# Data shown
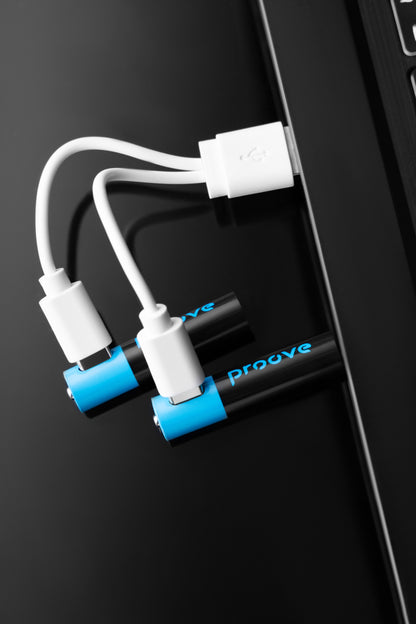 Bateri të rikarikueshme Proove Compact Energy AAA 1.5V, 740mWh, 2 copë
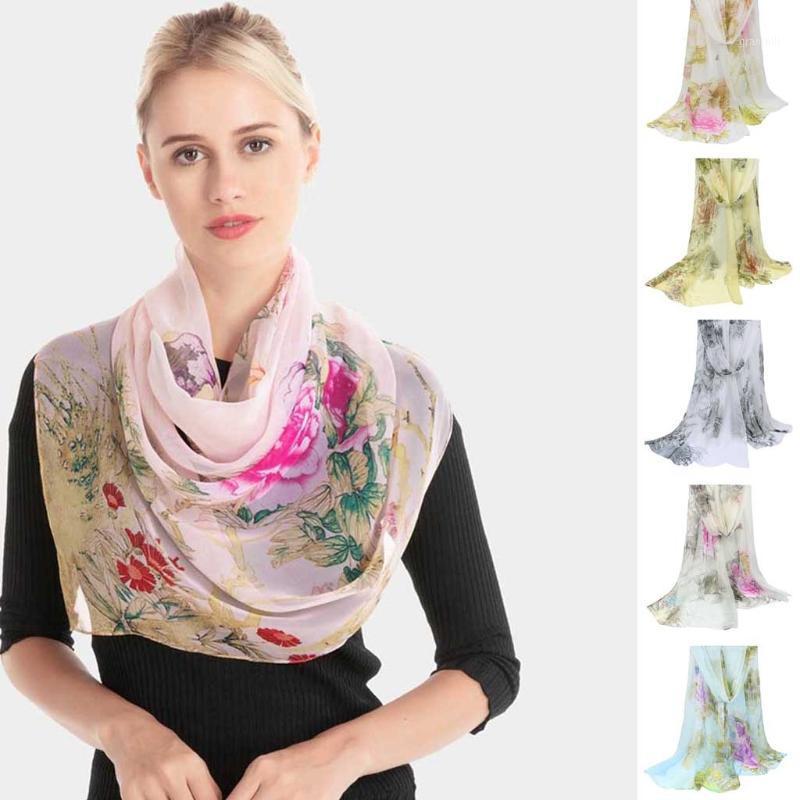 

Scarves Vintage Silk Scarf Women Shawl Hair Neck Flower Ladies Bandana 90*90cm Muslim Hijab Handkerchief Muffler Foulard, Blue;gray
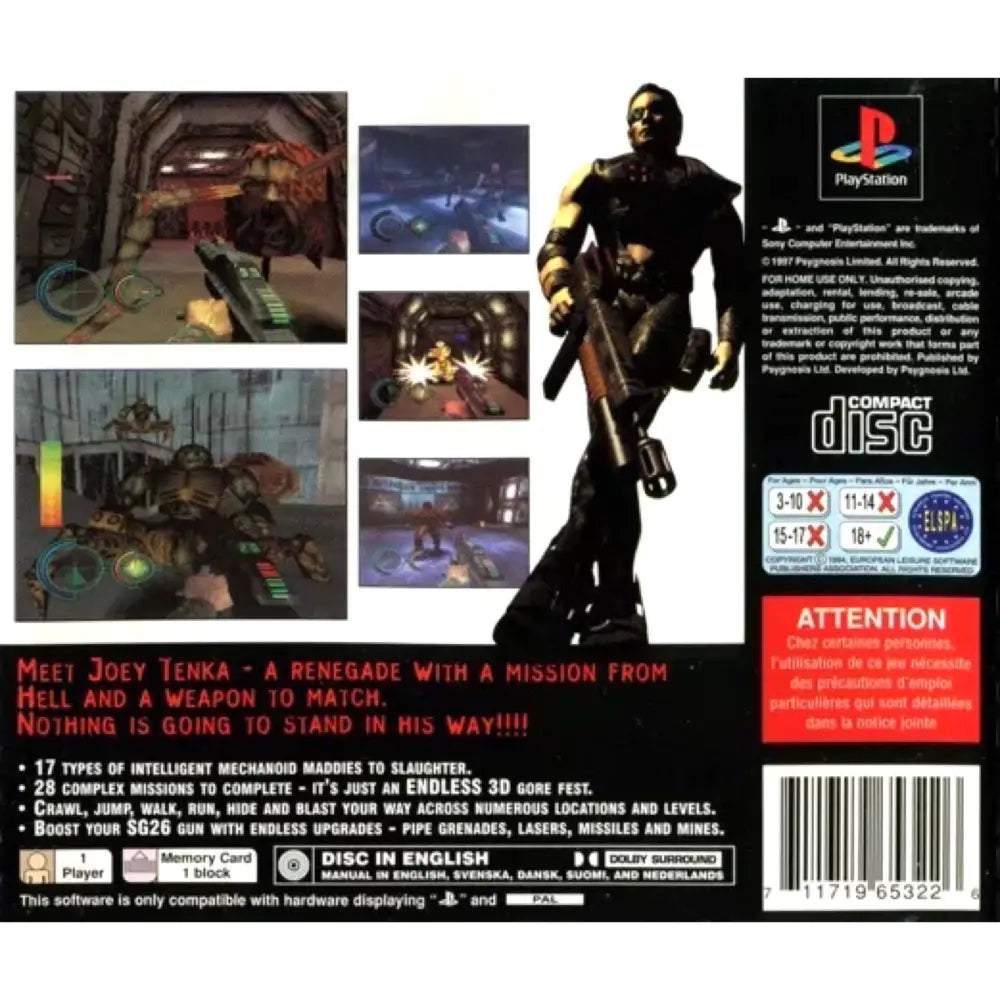 lifeforce tenka sony playstation 1 (ps1) pal-euro (complete lifeforce tenka sony playstation 1 (ps1) pal-euro (complete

# Exercise instructions
An exact copy is needed of the lines running from the one containing "Scarves Vintage Silk" through the last line of the material, and of no others; pictures stay out.

# Exercise output
Scarves Vintage Silk Scarf Women Shawl Hair Neck Flower Ladies Bandana 90*90cm Muslim Hijab Handkerchief Muffler Foulard, Blue;gray
 lifeforce tenka sony playstation 1 (ps1) pal-euro (complete lifeforce tenka sony playstation 1 (ps1) pal-euro (complete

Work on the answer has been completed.